All'inizio "lo choc", poi "l'esasperazione", infine "la rassegnazione" di fronte a quel compagno un anno più grande di lui che si era infilato nel suo letto pochi mesi dopo il suo arrivo a Roma. Nel Processo per i presunti abusi ai 'chierichetti del Papa' il tribunale vaticano ha ascoltato L.G., originario di Sondrio, oggi ventottenne.

L.G. arriva a Roma nel settembre 2006, a 13 anni, lasciando un paesino di montagna in Lombardia ed era "motivo di vanto" per tutta la comunità vedere la foto di lui chierichetto accanto al Papa.

Gabriele Martinelli, oggi sacerdote e imputato nel processo, è la prima persona che conosce e con il quale fa addirittura il viaggio in treno, da Milano a Roma prima dell'ingresso al Preseminario. Ma subito le attenzioni si spostano su un altro piano.

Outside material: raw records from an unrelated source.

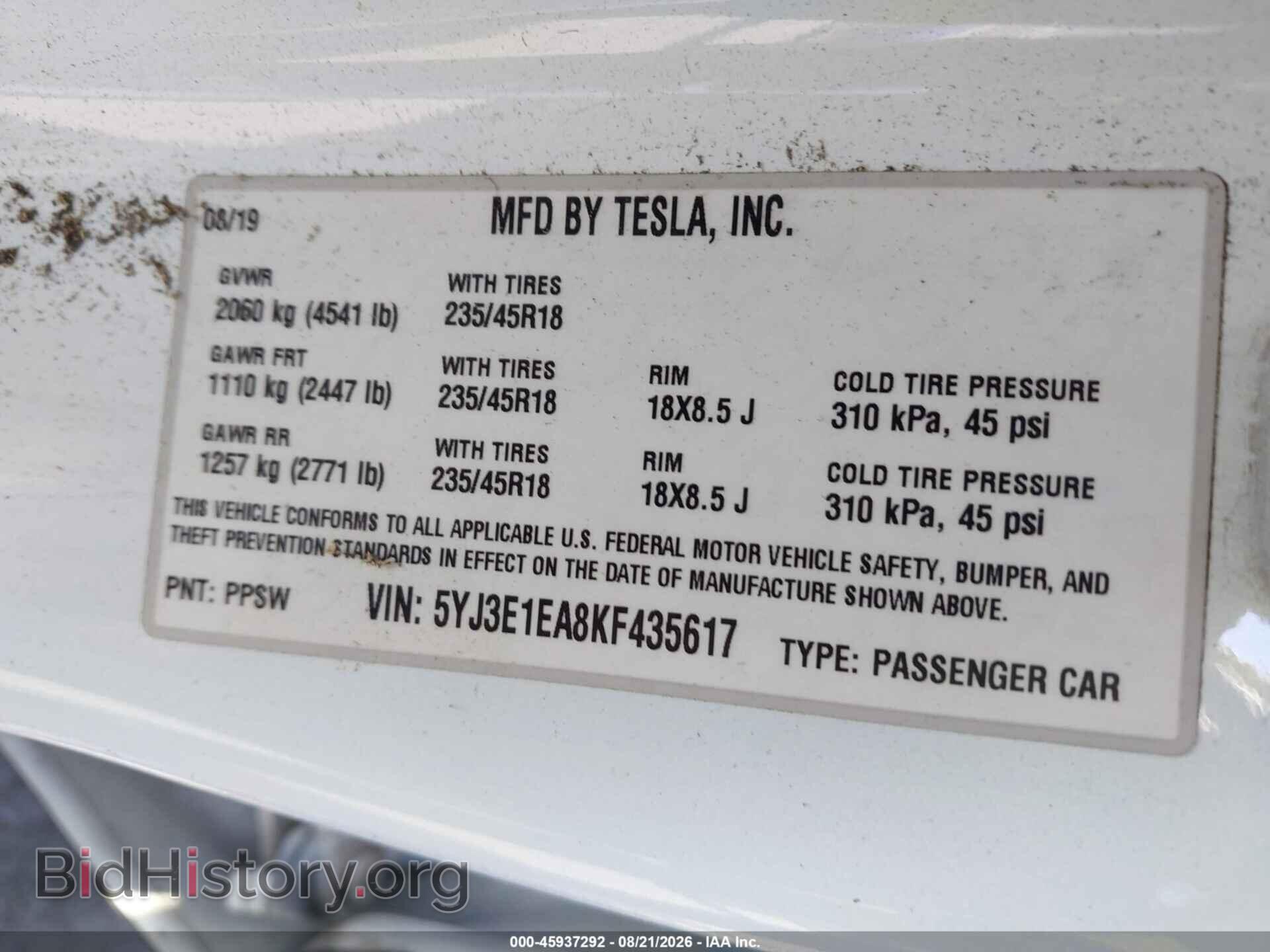 2019 TESLA MODEL 3 - VIN: 5YJ3E1EA8KF435617 - Photo 9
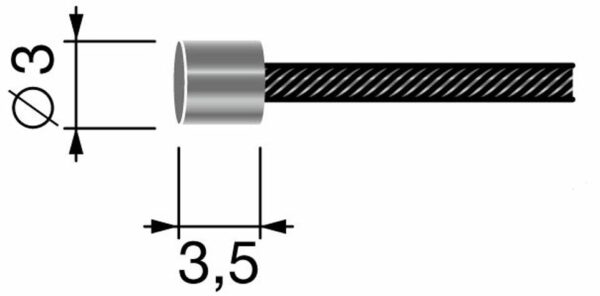 Câble souple Ø 1,2 mm. L : 2,5 m. Embout cylindrique 3,5 x 3 mm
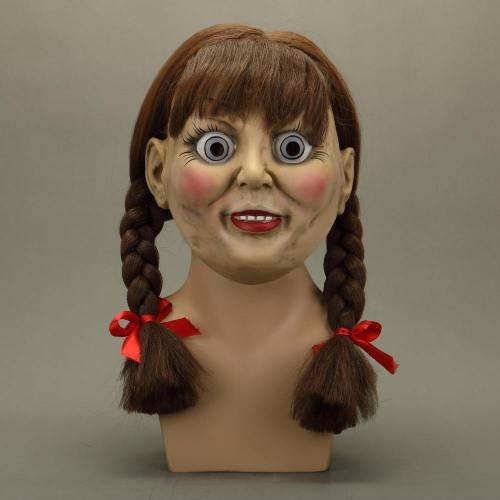 The Conjuring Annabelle Mask Latex Cosplay Halloween Scary Movie Adult Mask Props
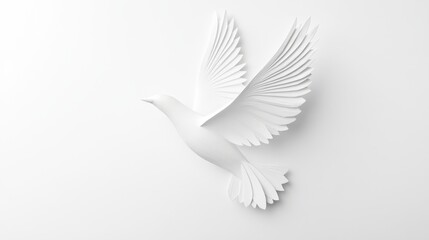 White Paper Bird in Flight on Minimalist Background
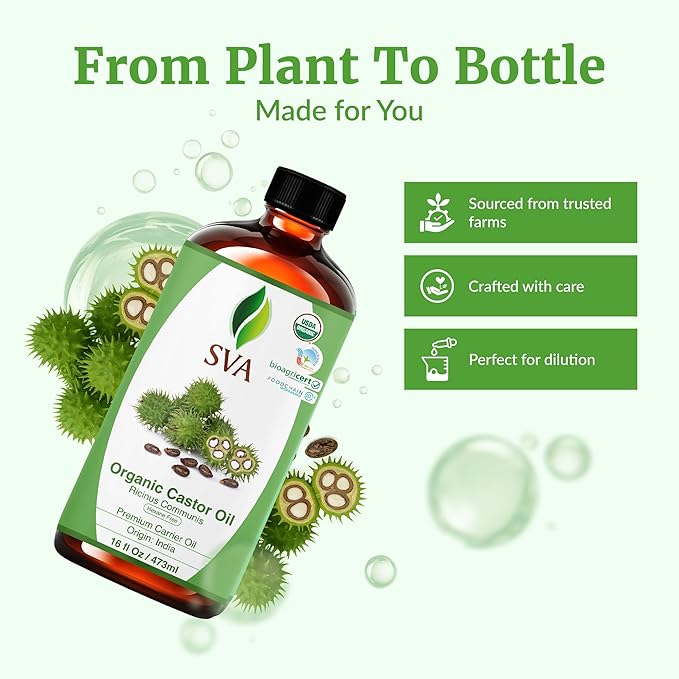 SVA Castor Seed Oil Organic - 16 Fl Oz – 100% Natural Cold Pressed Organic Castor Oil - for Face, Skin Care, Hair Care, Scalp Massage & Body Massage with Pump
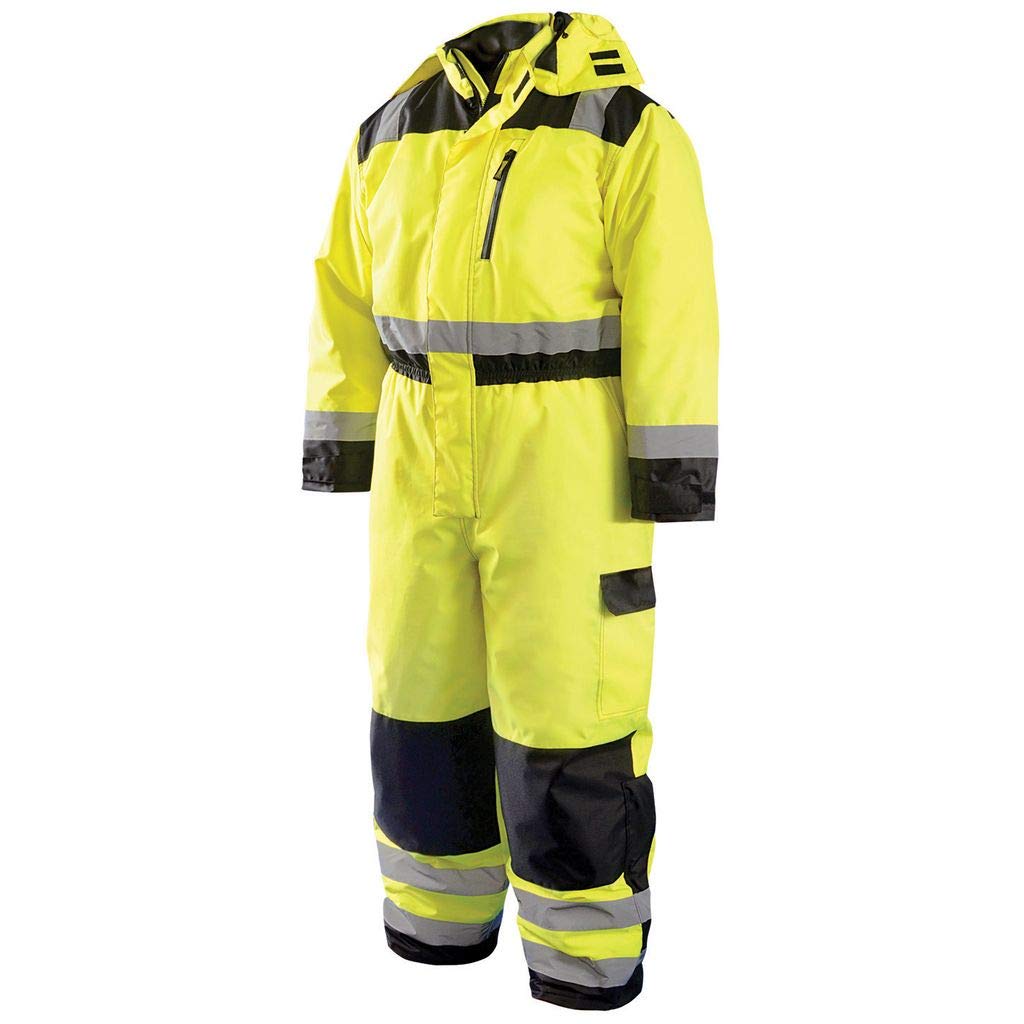 Occunomix LUX-WCVL High Visibility Winter Coverall - 3XL Yellow Safety Workwear for Cold Weather Construction & Road Work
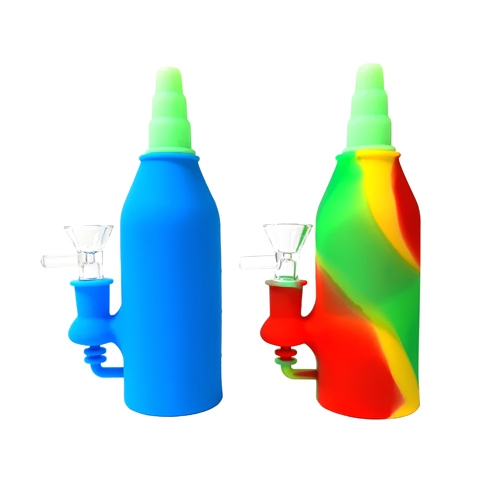 6.75'' Hot Chili Sauce Style Silicone Water PIPE with Glass Bowl
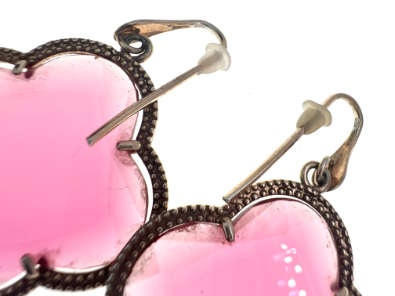 Earrings - 925 Silver Rose Pink Rhinestone with 925 Silver Frame - ML2075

"Era la fine del 2006 o l'inizio del 2007, me lo trovai nel letto mentre dormivo, fu una cosa strana, ero piccolo, provai un senso di confusione. Cominciò a toccarmi". Così racconta la prima volta. Ma poi per sei anni le richieste sono proseguite e alzate di livello fino a veri e propri rapporti sessuali.

Le presunte molestie avvenivano per lo più di notte e gli altri compagni che stavano nella stessa stanza "o dormivamo o facevano finta di dormire". I rapporti veri e propri si consumavano invece nella "farmacia", una stanza vuota del Preseminario, e negli ultimi anni "nella stanza privata di Gabriele".

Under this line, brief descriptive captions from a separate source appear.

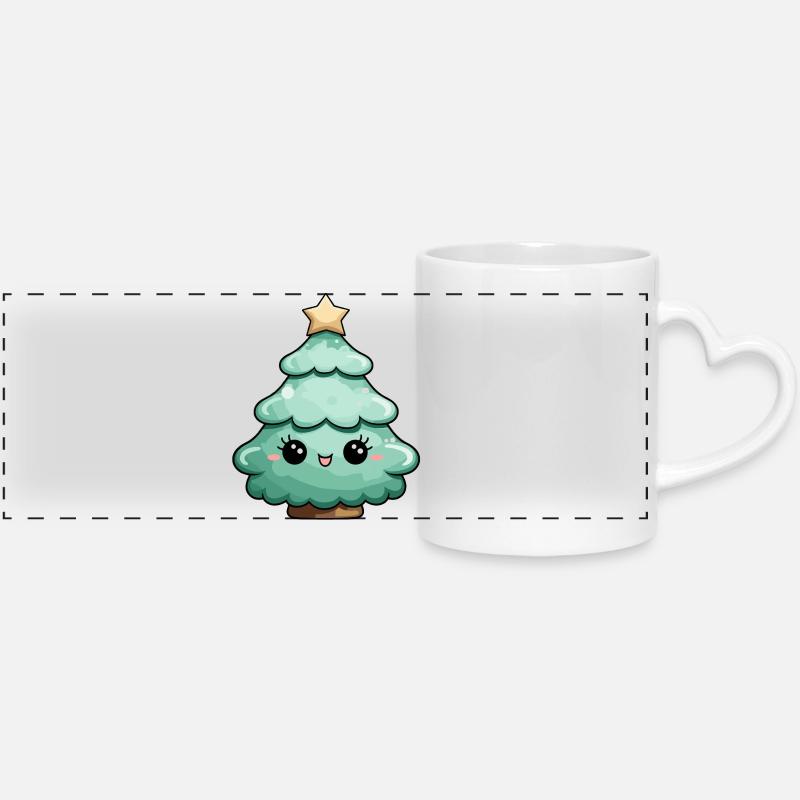 Cute Cartoon Christmas Tree with Star - Panoramic mug with heart handle - white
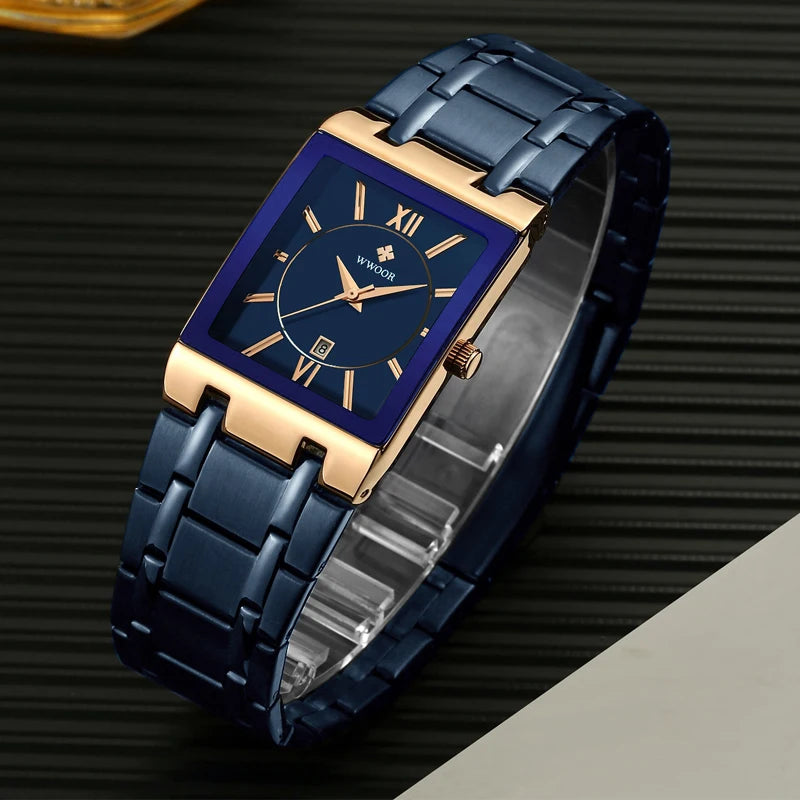 Masculino New Fashion Watches Men  Luxury Square Blue Men's Wristwatch Stainless Steel Waterproof Quartz Clock Male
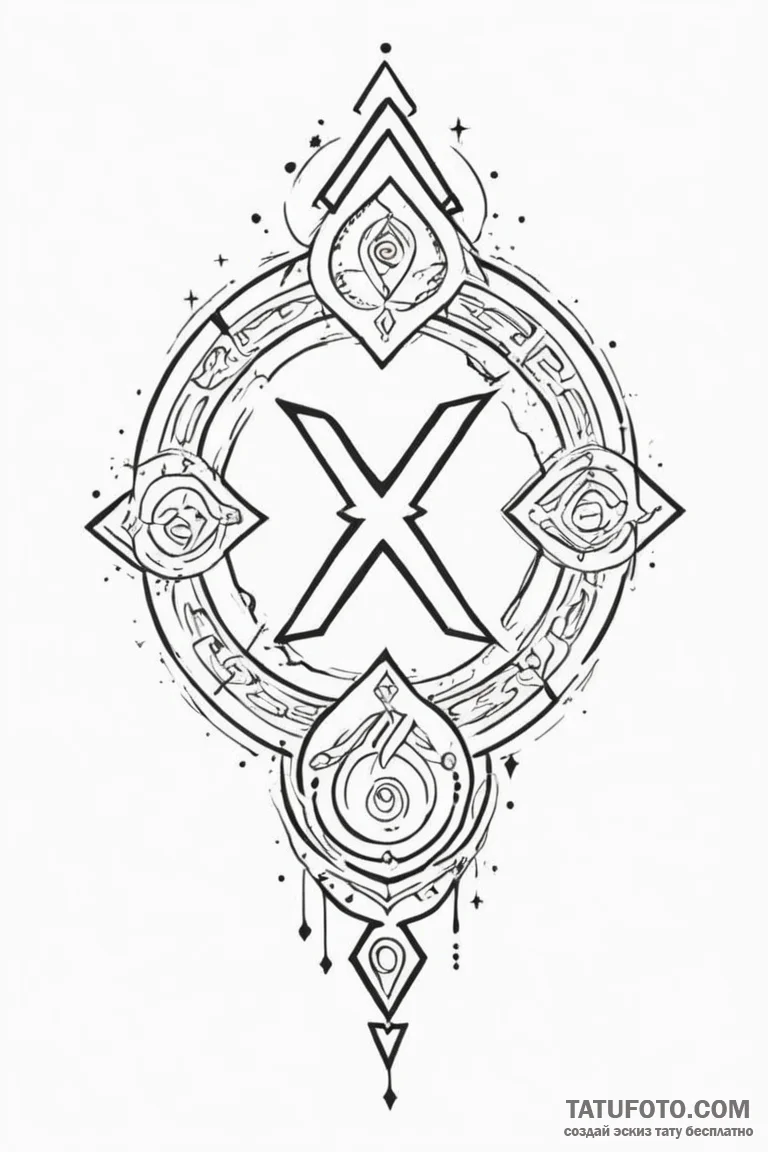115. tattoo sketch: "istok" rune with subtle... - эскиз тату (№1750906840_1, 26.06.2025 03:00) — Tatufoto.com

Quanto invece agli abusi nel bagno della basilica di San Pietro, dietro l'Altare della Cattedra, L.G. racconta che ci fu un tentativo da parte di Martinelli ("mi disse: 'vieni, dai, facciamo presto'") ma lui si sottrasse e non accadde nulla in quell'occasione.

"Negli anni, dopo il blocco totale, ho provato a ribellarmi, quando veniva la notte facevo rumore, lui se ne andava ma tornava poco dopo". L.G. non ha cercato aiuto, denunciandolo o gridando, "perché non volevo che i miei compagni vedessero, provavo vergogna, potevo essere tacciato di essere omosessuale".

La richiesta di rapporti era continua, "2-3 volte la settimana". Dice di aver subito questo perché "Martinelli era delegato dal Rettore per ogni cosa", a partire dai servizi liturgici. Ma anche se "andavo a comprare un giornale in edicola" era lui a dare il permesso.

L.G. nel 2009 parlò con il Rettore, don Enrico Radice (l'altro imputato del processo), manifestando il "disagio" per "i fastidi" subiti da Martinelli. Ma non entrò "nei dettagli" dei presunti abusi. Don Radice , in ogni caso, lo trattò molto male: "Mi diceva 'Sei solo invidioso, smettila, chiamo il tuo parroco, la tua famiglia'. Io avevo paura di tornare a casa. Che cosa avrei detto? Sarebbe stata una vergogna".

Nel 2013 L.G. scrive una lettera all'allora vescovo di Como, mons. Diego Coletti, raccontando quanto aveva vissuto. "Non volevo fare casino, volevo un sostegno economico per pagare la psicoterapia". Alla lettera non ci fu risposta. Nel 2017 il servizio de Le Iene, nello stesso anno una lettera al Papa (che però non fu mai recapitata); nel 2018 la denuncia al Tribunale vaticano e quindi l'inizio del processo.

Prossima udienza il 26 marzo. L'avvocato della vittima ha intanto chiesto di chiamare in giudizio la diocesi di Como, alla quale fa riferimento l'Opera don Folci, responsabile del Preseminario.